If you are not sure which of these might be your case, then head to a local shop you trust and have a professional access the situation. Your drivetrain is one of the most important aspects of enjoying the bike, so don’t leave it to risk or mistake. 

Q: I read your July tips and have been making a few changes to my position and setup. I am still having problems with my hands and feet going numb. What else should I consider? 

A: As I mentioned in the July issue, most people do not prioritize leg position, but instead jump straight to reach and body position. Saddle position and cleat position are always the priority. In my years of helping people, one of the biggest problems is shoe size, which leads to cleat-position problems. 

“The cassette, chain and rings wear together, and if the chain is too worn, it should be used with a new cassette or chainrings. In reality, the three are now a permanent set and cannot be mixed with any others.” 

Many riders have the incorrect-size shoes (normally too big). This means the position where the cleat attaches is too far forward.
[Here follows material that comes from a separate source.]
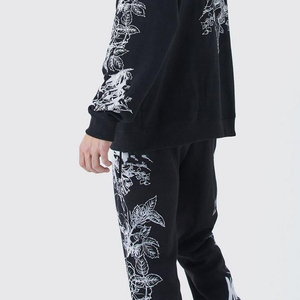 2025 Jogger Chándal Ropa de hombre 100% Algodón Logotipo personalizado Slim Fit Pantalón y pulóver Sudadera con capucha Conjunto para hombres - Product Image 6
This can make it very difficult to get the cleat in the correct position under the foot. It also means that under load and efforts, the foot can move in the shoe, changing the relative relationship the cleat has with the foot.

I would first and foremost make sure you have the correct-size shoe. This can be hard to tell when trying shoes on, because most are using stiff and lightweight materials that are restricting. This is even truer when they are new and have not had time to wear in.

If you feel like the shoe you have is correct, then positioning the cleat and using the correct cleat is next. Many
times I will see that the position of the cleat is correct, but they have too much or too little float. Too much float is less impactful on comfort and performance, but has the most effect when you are tired. 

My last tip is to only make one change and stick with it for at least 5 to 10 rides. It will take your body some time to reset. The exception is if you have immediate pain or extreme discomfort. Make sure you record your changes and document the original position and hardware before making the changes. If none of this seems to do the trick, it’s time to visit a fitter that can analyze your specific needs and issues. They can target your problematic issues, and only there would I consider changing multiple things at once.